The 285p-a-share cash bid was tabled by a team including Hogg Robinson's chief executive, David Radcliffe, and Neville Bain, its non-executive chairman. The offer is backed by Schroder Ventures and is being made through a special-purpose vehicle named Farnborough Limited.

Hogg Robinson shares closed up 35p at 277.5p. The offer represents a 57 per cent premium to the close on 20 March, the day before the company said it was in advanced talks with a management team.

Mr Radcliffe said: "This is a full and fair price... We are, at the end of the day, a small, mid-cap company. And it's common knowledge that mid-caps are not the exciting prospect for investors they were a year ago, particularly when they are not producing exciting growth every year." He said the deal would allow the company to "take time out" and concentrate on improving its specialist corporate services and developing an e-commerce strategy without the pressure of pleasing the City. But he did not rule out the idea of refloating in the future.

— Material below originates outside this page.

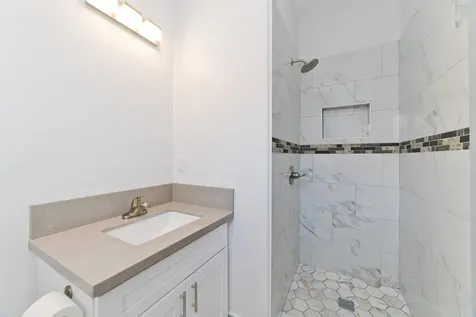 698 Kukuau Street Hilo HI 96720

Tony Isaac, a Hogg Robinson independent director, said: "Against a background of significant changes in the business travel industry and the current performance against target of certain recent acquisitions, Hogg Robinson would be unable to deliver the growth expected of a publicly quoted company at the same time as undertaking the strategic changes necessary to make it competitive."

The deal, which has been agreed by shareholders representing 31.9 per cent of issued capital, including the group's directors, removes the uncertainty around the company since October's rejection of an informal 330p-a-share offer from Active Value, the investment group.

In December the group's half-year results to 30 September 1999 showed flat profits of £14.6m. At the same time, the group announced the £32m sale of its Advizas financial services division to "remove all future pensions review liabilities" following a scandal over alleged improperly sold pensions.